RE: [RFC PATCH 0/5] New fallback workflow for heterogeneous memory system

"Du, Fan" <fan.du@xxxxxxxxx> · Fri, 26 Apr 2019 02:40:05 +0000

>-----Original Message-----
>From: Dan Williams [mailto:dan.j.williams@xxxxxxxxx]
>Sent: Thursday, April 25, 2019 11:43 PM
>To: Du, Fan <fan.du@xxxxxxxxx>
>Cc: Michal Hocko <mhocko@xxxxxxxxxx>; akpm@xxxxxxxxxxxxxxxxxxxx; Wu,
>Fengguang <fengguang.wu@xxxxxxxxx>; Hansen, Dave
><dave.hansen@xxxxxxxxx>; xishi.qiuxishi@xxxxxxxxxxxxxxx; Huang, Ying
><ying.huang@xxxxxxxxx>; linux-mm@xxxxxxxxx; linux-kernel@xxxxxxxxxxxxxxx
>Subject: Re: [RFC PATCH 0/5] New fallback workflow for heterogeneous
>memory system
>
>On Thu, Apr 25, 2019 at 1:05 AM Du, Fan <fan.du@xxxxxxxxx> wrote:
>>
>>
>>
>> >-----Original Message-----
>> >From: owner-linux-mm@xxxxxxxxx [mailto:owner-linux-mm@xxxxxxxxx] On
>> >Behalf Of Michal Hocko
>> >Sent: Thursday, April 25, 2019 3:54 PM
>> >To: Du, Fan <fan.du@xxxxxxxxx>
>> >Cc: akpm@xxxxxxxxxxxxxxxxxxxx; Wu, Fengguang
><fengguang.wu@xxxxxxxxx>;
>> >Williams, Dan J <dan.j.williams@xxxxxxxxx>; Hansen, Dave
>> ><dave.hansen@xxxxxxxxx>; xishi.qiuxishi@xxxxxxxxxxxxxxx; Huang, Ying
>> ><ying.huang@xxxxxxxxx>; linux-mm@xxxxxxxxx;
>linux-kernel@xxxxxxxxxxxxxxx
>> >Subject: Re: [RFC PATCH 0/5] New fallback workflow for heterogeneous
>> >memory system
>> >
>> >On Thu 25-04-19 07:41:40, Du, Fan wrote:
>> >>
>> >>
>> >> >-----Original Message-----
>> >> >From: Michal Hocko [mailto:mhocko@xxxxxxxxxx]
>> >> >Sent: Thursday, April 25, 2019 2:37 PM
>> >> >To: Du, Fan <fan.du@xxxxxxxxx>
>> >> >Cc: akpm@xxxxxxxxxxxxxxxxxxxx; Wu, Fengguang
>> ><fengguang.wu@xxxxxxxxx>;
>> >> >Williams, Dan J <dan.j.williams@xxxxxxxxx>; Hansen, Dave
>> >> ><dave.hansen@xxxxxxxxx>; xishi.qiuxishi@xxxxxxxxxxxxxxx; Huang, Ying
>> >> ><ying.huang@xxxxxxxxx>; linux-mm@xxxxxxxxx;
>> >linux-kernel@xxxxxxxxxxxxxxx
>> >> >Subject: Re: [RFC PATCH 0/5] New fallback workflow for heterogeneous
>> >> >memory system
>> >> >
>> >> >On Thu 25-04-19 09:21:30, Fan Du wrote:
>> >> >[...]
>> >> >> However PMEM has different characteristics from DRAM,
>> >> >> the more reasonable or desirable fallback style would be:
>> >> >> DRAM node 0 -> DRAM node 1 -> PMEM node 2 -> PMEM node 3.
>> >> >> When DRAM is exhausted, try PMEM then.
>> >> >
>> >> >Why and who does care?
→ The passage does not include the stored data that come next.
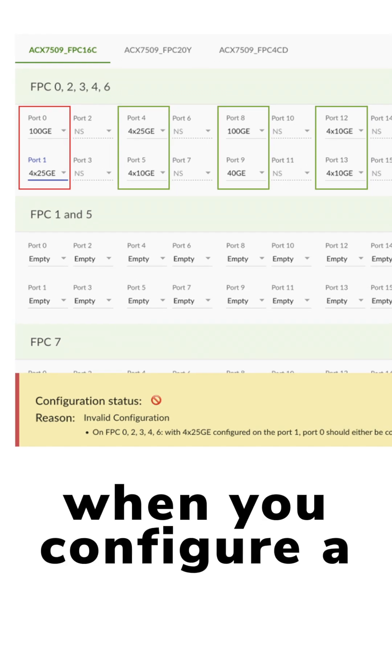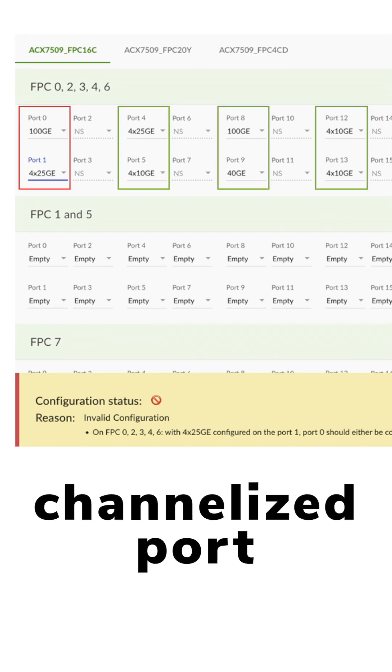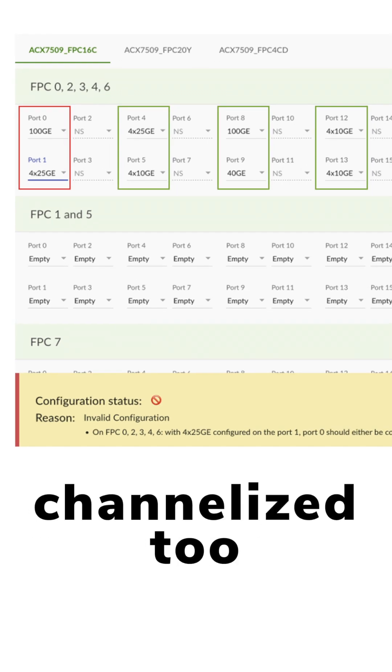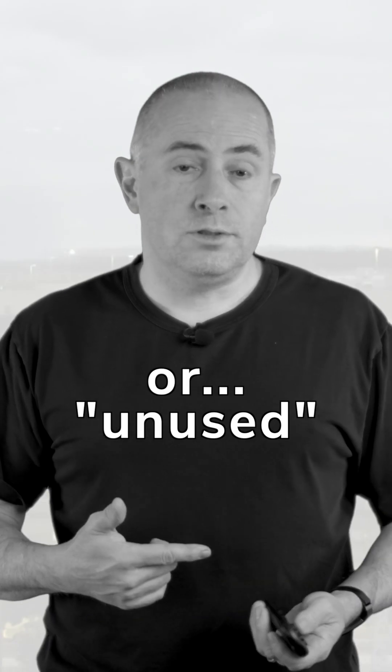In other slots, when you configure a channelized port, the adjacent port must be channelized too, or unused.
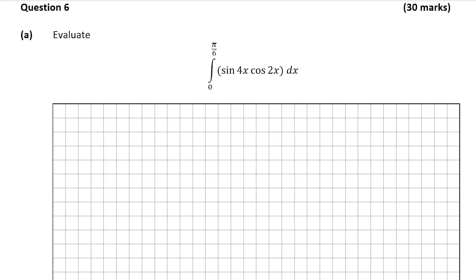Question 6, which is a 30 mark question on calculus. So question 6, part A, which is worth 10 marks, wants us to evaluate the integral from 0 to pi over 6 of sine 4x cos 2x dx.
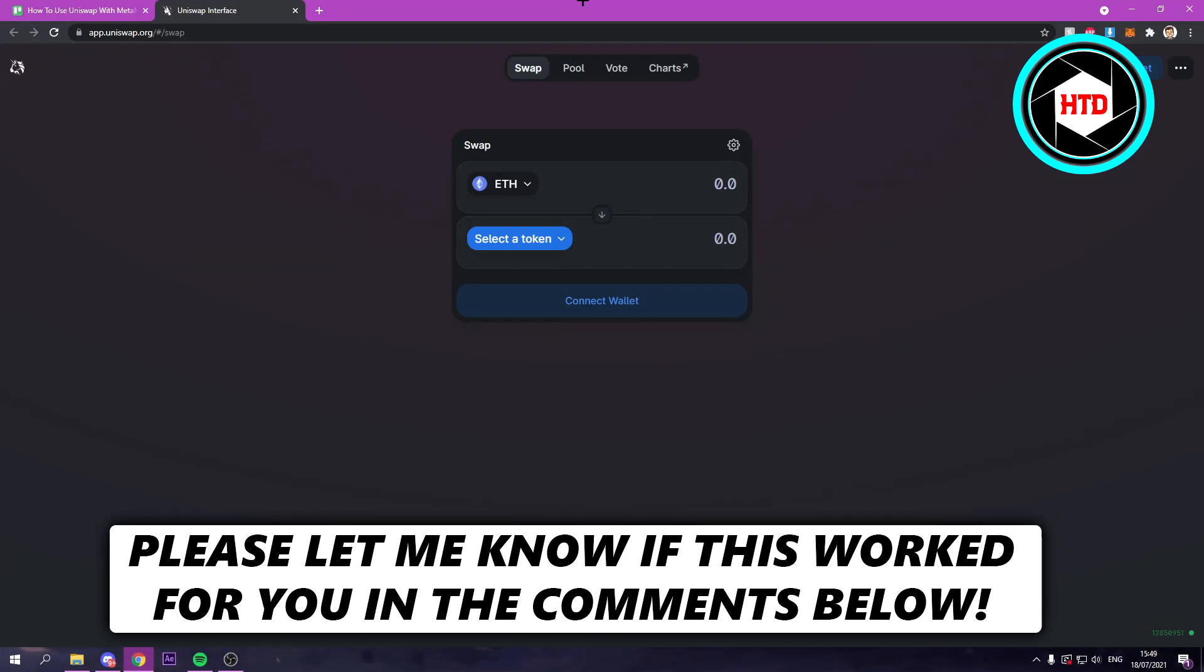How to use Uniswap with MetaMask. That's what I'm going to show you guys in this video. So let's get started right away.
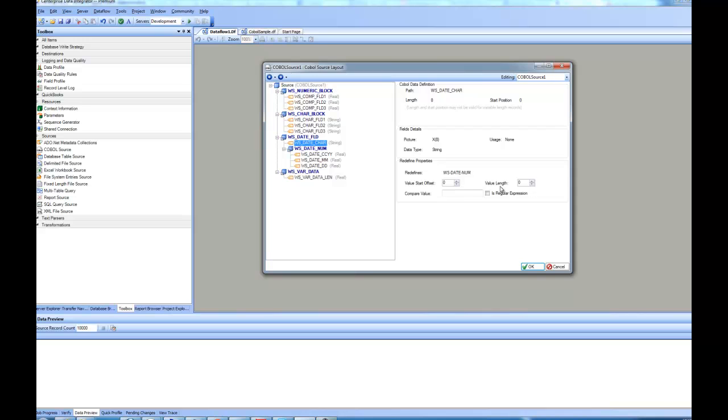For that, I am telling that the value starts at 0, and the length is 1, and compare the value. If it starts with J, that means it is the redefined one. You can use even a regular expression in place of using a plain search. So that's how you can define redefines. Other information is already embedded inside the copybook.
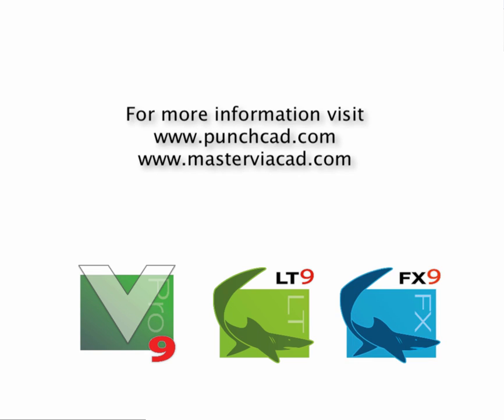Thank you very much for watching this video tip. If you would like more, please visit us at www.mastervehacad.com. Thank you.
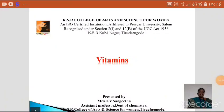Good morning. Myself T.V. Sangeeta, Assistant Professor, Department of Chemistry, KSR College of Arts and Science for Women.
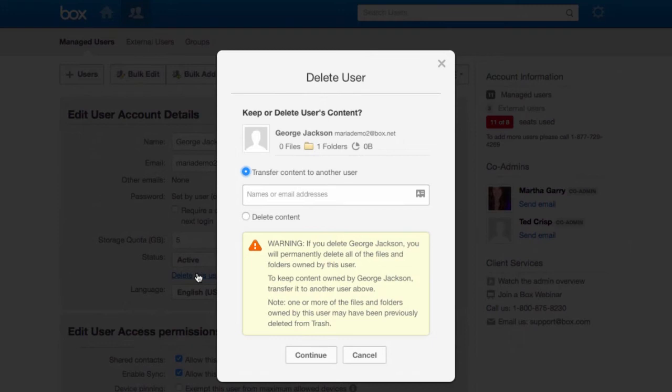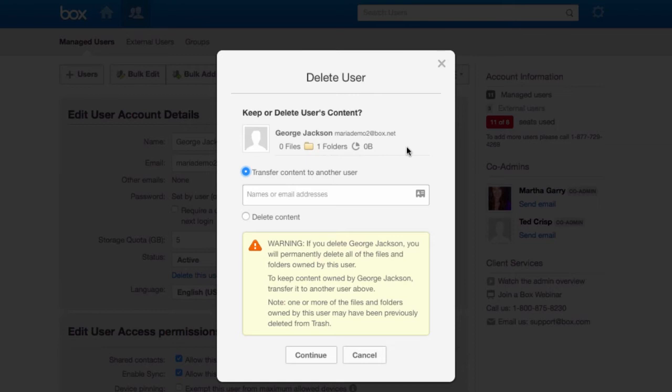Now, the nice thing is that Box actually lets us know if this user owns any content. Now we could go ahead, log into George's account, evaluate that content, and see if we need to preserve it or if we're comfortable letting it go along with George.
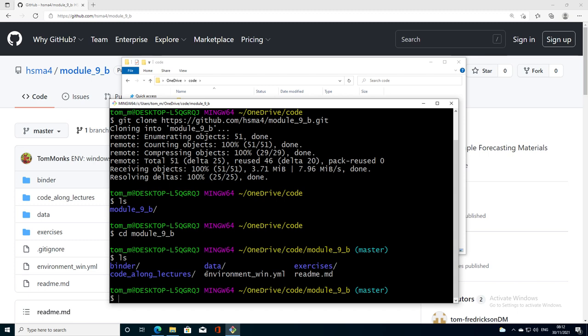That's stage one complete, we've got our code on our local machine. Don't forget where you've saved that on your machine. The next step is we're going to use this environment_win.yml file to create our conda environment. Let's just have a look at that and remind ourselves what a yml file does.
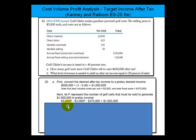Here's what we know: they sell the golf cart for $5,000 per unit. The quantity of golf carts that must be sold to generate $1,000,000 — we're going to let that variable stand for P. So it's 5,000 times the number of golf carts minus $3,000, which is our total variable cost.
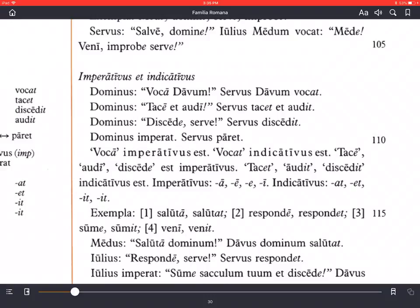Voca imperativus est — voca is an imperative. Vocat indicativus est — vocat is an indicative. An indicative verb is not a command verb; it simply tells you what somebody is doing. Tace, audi, discede are imperatives telling you to be quiet, listen, go away.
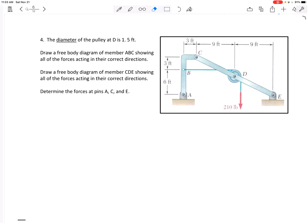I'm looking for three unknowns because I have three equations. If the whole free body diagram has three unknowns, I'll start there. If not, I'll look at bar ABC or bar CDE and try to find a member with three unknowns. But it looks like member ABC is going to have four unknowns and member CDE is going to have four unknowns — there may not be an easy way around it. We might just have to draw a free body diagram for both.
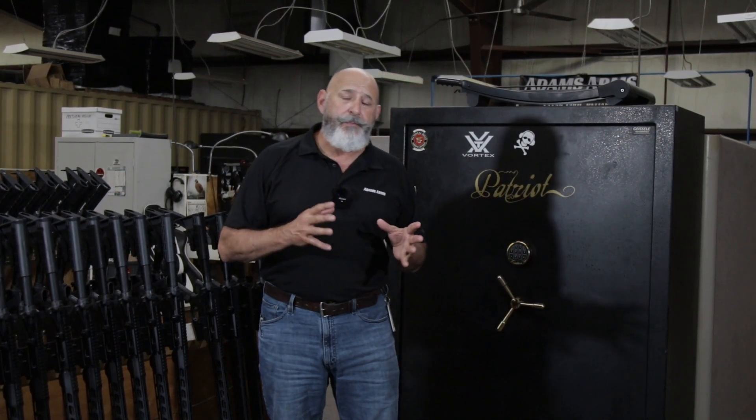Hi, Ron with Adams Arms. Today we'd like to take you through two operating systems of the AR-15 through thermal imaging technology. We're going to show you the piston-driven system and a direct gas impingement system. We think you'll be interested in the results. Why don't you come along and we'll show you.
NUMA is fundamentally about memory nodes
>> >with
>> >> >different access characteristics so why is PMEM any special?
>> >>
>> >> Michal, thanks for your comments!
>> >>
>> >> The "different" lies in the local or remote access, usually the underlying
>> >> memory is the same type, i.e. DRAM.
>> >>
>> >> By "special", PMEM is usually in gigantic capacity than DRAM per dimm,
>> >> while with different read/write access latency than DRAM.
>> >
>> >You are describing a NUMA in general here. Yes access to different NUMA
>> >nodes has a different read/write latency. But that doesn't make PMEM
>> >really special from a regular DRAM.
>>
>> Not the numa distance b/w cpu and PMEM node make PMEM different
>than
>> DRAM. The difference lies in the physical layer. The access latency
>characteristics
>> comes from media level.
>
>No, there is no such thing as a "PMEM node". I've pushed back on this
>broken concept in the past [1] [2]. Consider that PMEM could be as
>fast as DRAM for technologies like NVDIMM-N or in emulation
>environments. These attempts to look at persistence as an attribute of
>performance are entirely missing the point that the system can have
>multiple varied memory types and the platform firmware needs to
>enumerate these performance properties in the HMAT on ACPI platforms.
>Any scheme that only considers a binary DRAM and not-DRAM property is
>immediately invalidated the moment the OS needs to consider a 3rd or
>4th memory type, or a more varied connection topology.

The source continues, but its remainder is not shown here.